A Polynomial Time Algorithm for Log-Concave Maximum Likelihood via Locally Exponential Families [merged]
Abstract
We consider the problem of computing the maximum likelihood multivariate log-concave distribution for a set of points. Specifically, we present an algorithm which, given \(n\) points in \(\mathbb R^d\) and an accuracy parameter \(\epsilon >0 \), runs in time \(\mathrm{poly}(n,d,1/\epsilon)\), and returns a log-concave distribution which, with high probability, has the property that the likelihood of the n points under the returned distribution is at most an additive ϵ less than the maximum likelihood that could be achieved via any log-concave distribution. This is the first computationally efficient (polynomial time) algorithm for this fundamental and practically important task. Our algorithm rests on a novel connection with exponential families: the maximum likelihood log-concave distribution belongs to a class of structured distributions which, while not an exponential family, “locally” possesses key properties of exponential families. This connection then allows the problem of computing the log-concave maximum likelihood distribution to be formulated as a convex optimization problem, and solved via an approximate first-order method. Efficiently approximating the (sub) gradients of the objective function of this optimization problem is quite delicate, and is the main technical challenge in this work.
Main Idea
The solution to a log-concave MLE problem is always a distribution whose log-density is a polytope with corners at the observed points \(X_1,…,X_n\). These “tent-distributions” are distributions on the boundary of log-concavity that don’t waste density on points outside \(X_1,…,X_n\).

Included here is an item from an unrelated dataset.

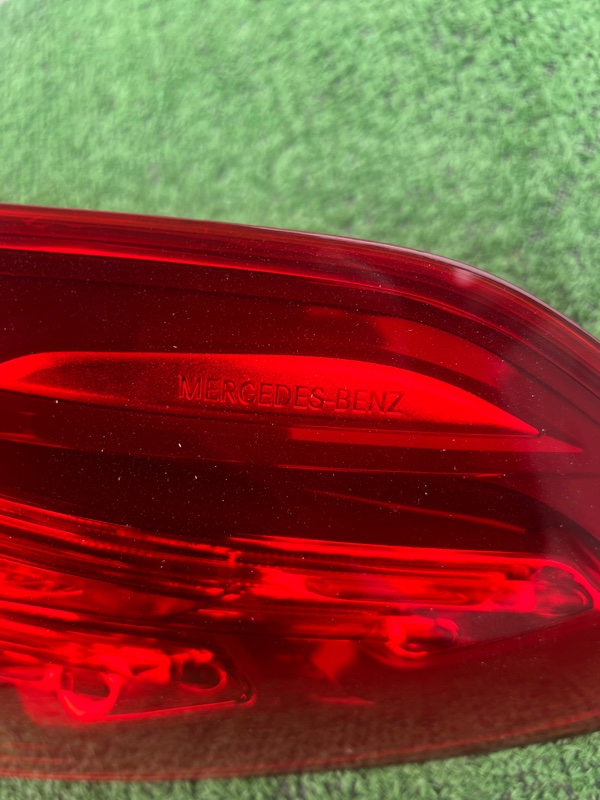 Фонарь Стоп-сигнал, 12000 рублей, Красноярск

In this paper we show that tent-distributions are “locally-exponential”. That is, sufficiently small balls in parameter-space always form an exponential family. In fact, tent distributions can be partitioned into a finite collection of exponential families where each exponential family corresponds to a regular subdivision of \(X_1,…,X_n\). We also show a reduction from the log-concave MLE problem to the tent-distribution MLE problem.
We also show that being locally-exponential and satisfying a regularity condition is sufficient to guarantee that a standard gradient descent based algorithm can be used to solve the tent-distribution maximum likelihood problem.